▶ _What needs to be done_:
The lines below, from the one holding "Tommy Hilfiger Plaid" through the final line, are to be copied exactly, with no other lines and no pictures.

▶ _Exercise inputs_:
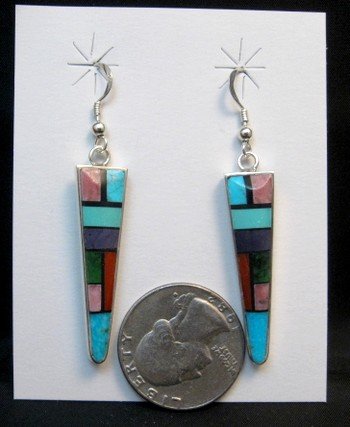 Image 0 of Jim Harrison Navajo Multi Stone Inlay Dangle Earrings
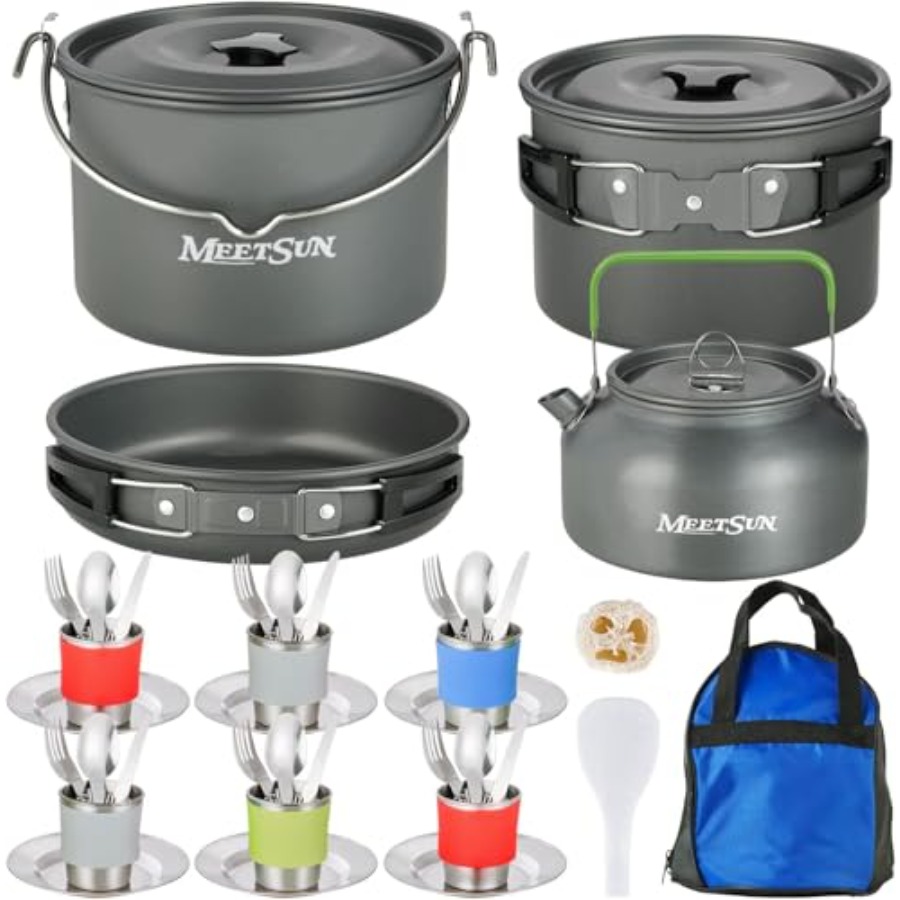 Camping Cooking Set Large - MEETSUN Camping Cookware Set - 37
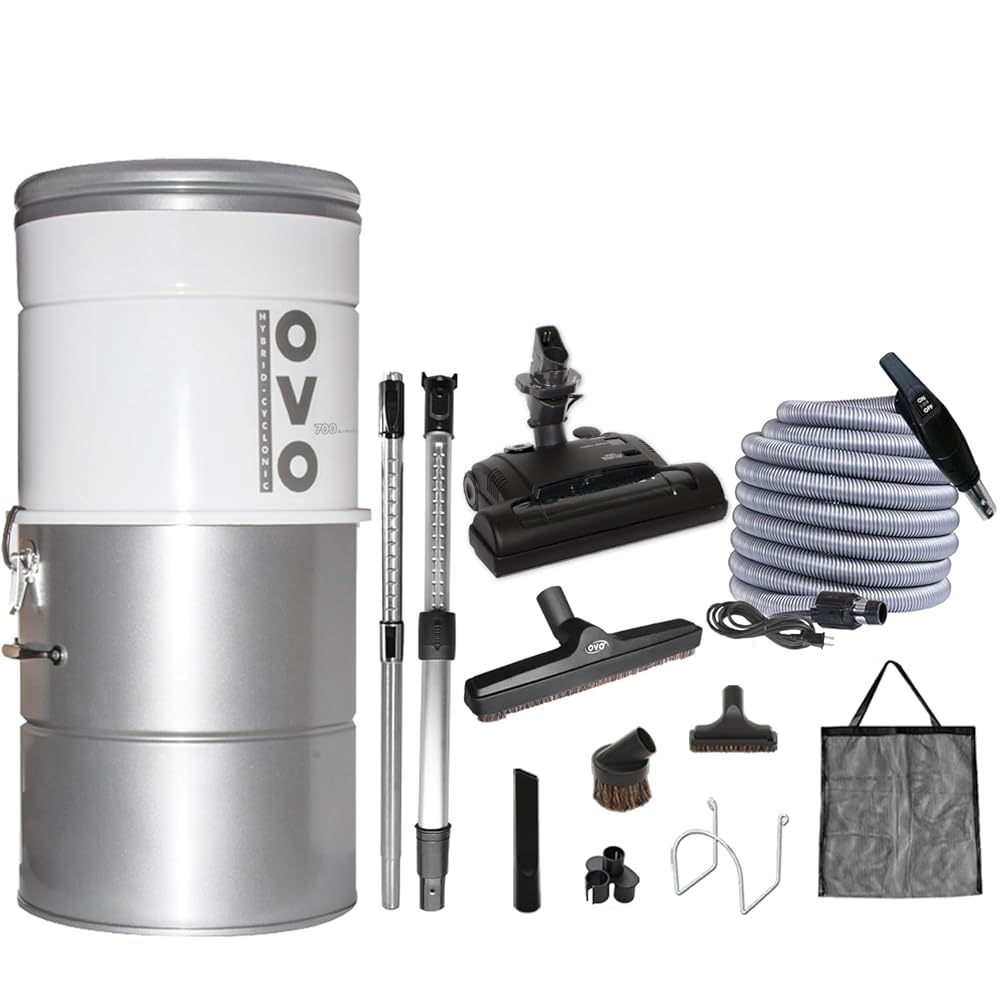 OVO 750 Airwatts Heavy Duty Powerful Central Vacuum System, Hybrid Filtration (with or Without Disposable Bags) 25L or 6.6Gal, 40ft Carpet Deluxe Accessory kit Included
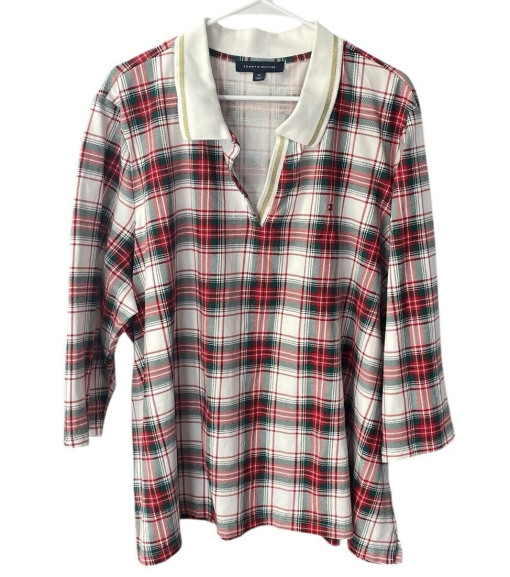 Tommy Hilfiger Plaid Top Red White Green XL Women's Blouse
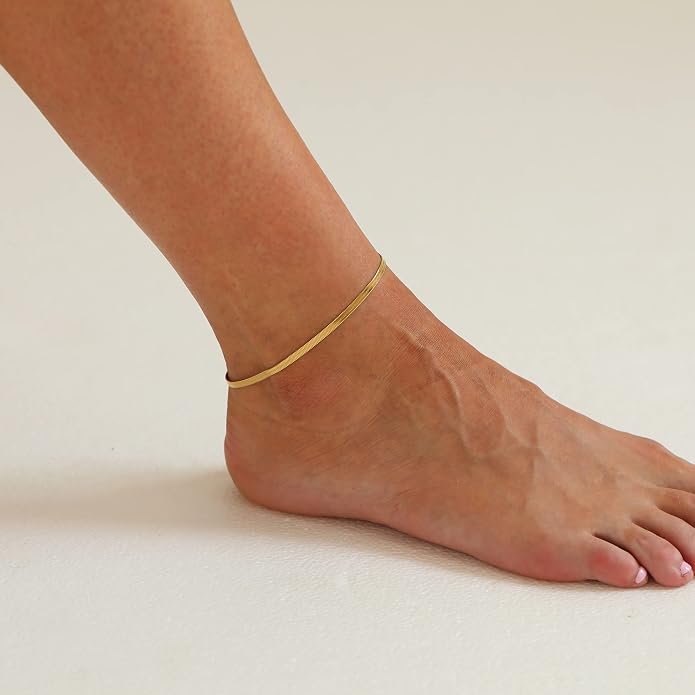 Dainty Ankle Bracelets for Women 18K Gold Plated Satellite Beaded Herringbone Lip Chain Anklets Simple Minimalist Summer Beach Foot Jewelry Christmas Gifts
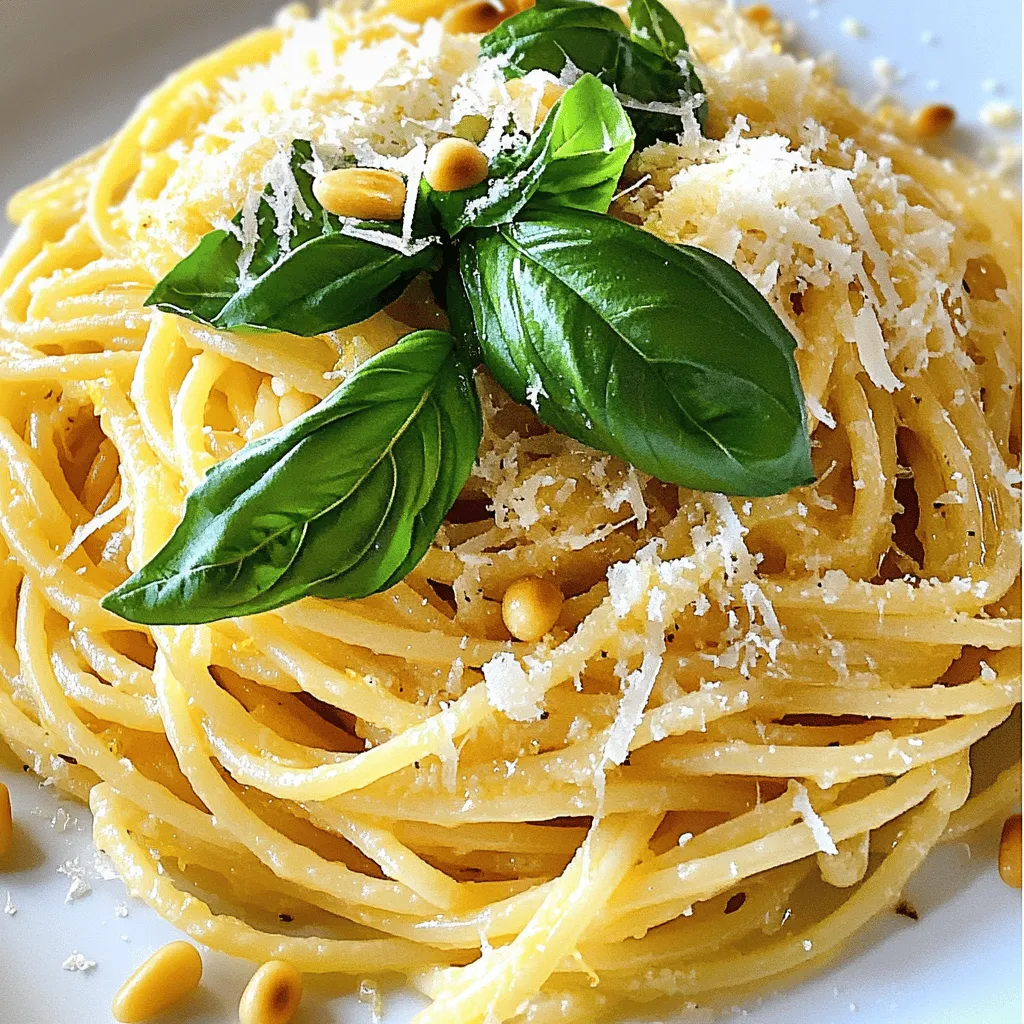 - 300g Spaghetti - 2 große Bio-Zitronen (Saft und Zesten) - 3 Knoblauchzehen, fein gehackt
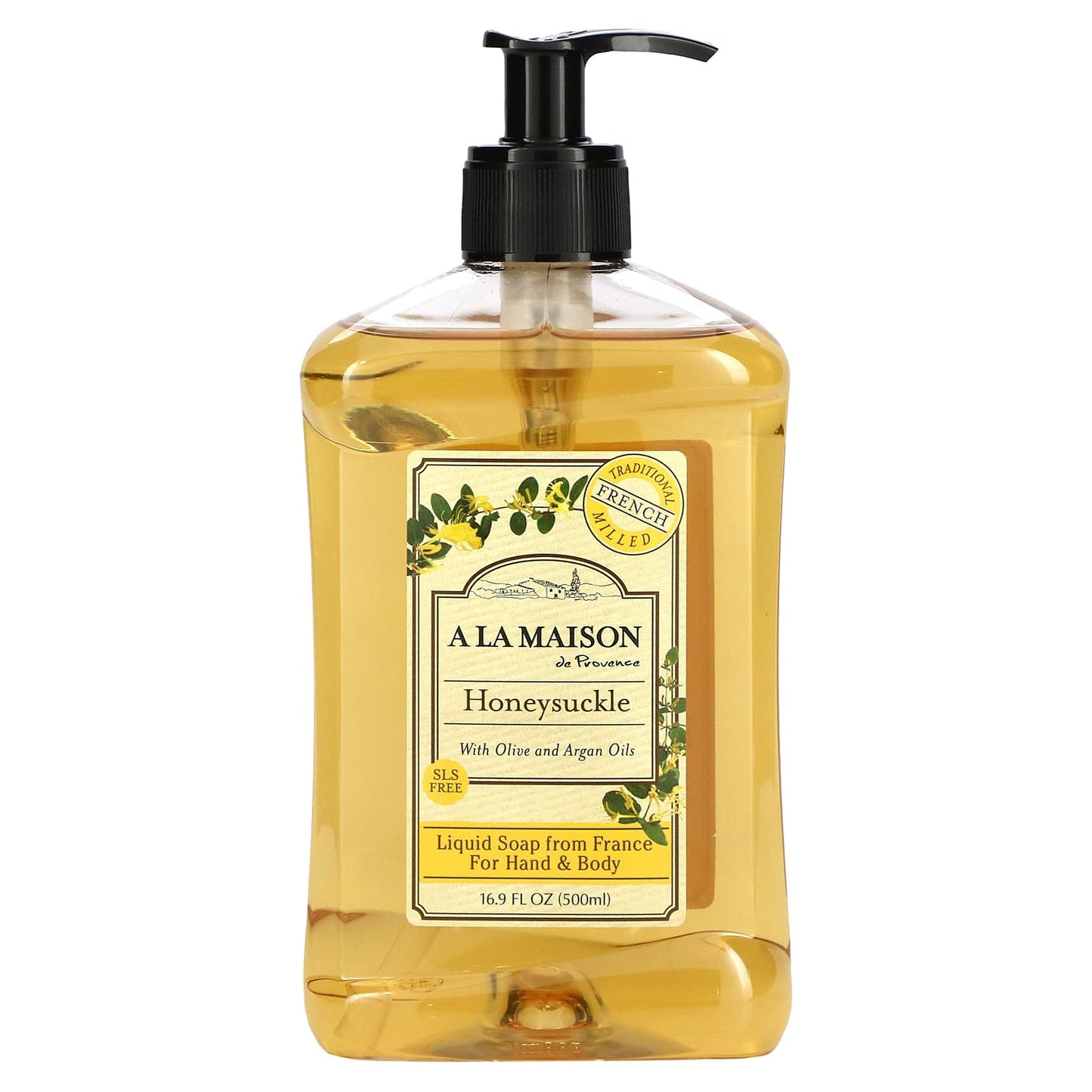 A La Maison de Provence-Liquid Soap For Hand & Body-Honeysuckle-16.9 fl oz (500 ml)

▶ _Reply_:
 Tommy Hilfiger Plaid Top Red White Green XL Women's Blouse
 Dainty Ankle Bracelets for Women 18K Gold Plated Satellite Beaded Herringbone Lip Chain Anklets Simple Minimalist Summer Beach Foot Jewelry Christmas Gifts
 - 300g Spaghetti - 2 große Bio-Zitronen (Saft und Zesten) - 3 Knoblauchzehen, fein gehackt
 A La Maison de Provence-Liquid Soap For Hand & Body-Honeysuckle-16.9 fl oz (500 ml)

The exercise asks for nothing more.